仮に妻が専業主婦であれば、遺族厚生年金は90万円受け取ることができるので、合計170万円になります。
このように共働き世帯は片働き世帯と比較すると夫婦合わせての年金額が多い分、配偶者に先立たれた場合には、年金収入の減少幅が大きくなりますので、注意がさらに必要です。
遺族年金のよくある勘違い5:遺族年金を受給しなければ、基礎年金を繰り下げ可
「遺族年金のよくある勘違い4」で見てきたとおり、共働き夫婦で夫が死亡した場合、妻の遺族年金は意外と少ない(もらえない)ということがわかりました。そこで、多くの方が考えるのは、選択受給で夫の遺族厚生年金を選ばなかった場合、自分の老齢基礎年金を繰下げすることにより将来もらえる年金額を増やせるのではないかという発想です。
一見すると、夫の遺族厚生年金は貰っていないので、自分の老齢基礎年金の繰下げ受給ができそうに思えるのですが、遺族厚生年金の受給権者は、繰下げ受給はできません。
通常、遺族厚生年金の受給資格者は、夫の遺族厚生年金か自分の老齢厚生年金のどちらかを選択して受け取ります。例え、自分の老齢厚生年金を受給することを選んだとしても遺族厚生年金の受給権を失権したことにはなりませんので、繰り下げすることができないという結論になります。

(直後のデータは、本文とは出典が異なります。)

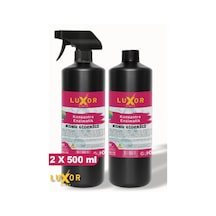 Luxor Kimya 1 Lt Konsantre Enzimatik Koku Giderici 2 X 500 Ml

再婚する等などしない限り、遺族厚生年金の受給権が失権となりませんので、原則的には、遺族厚生年金の受給権を得た時点で自分の年金は、繰り下げられなくなると考えておいたほうがよいでしょう。
もしものときの収支も念頭に
平均寿命から考えると男性より女性の方が6歳ほど長生きします。加えて、妻が年下という場合はさらに一人の期間が長くなる可能性が高くなります。そのため、老後の生活設計の際には、夫に先立たれた場合の収支についても念頭においてプランニングしておくことを心掛けておくようにしましょう。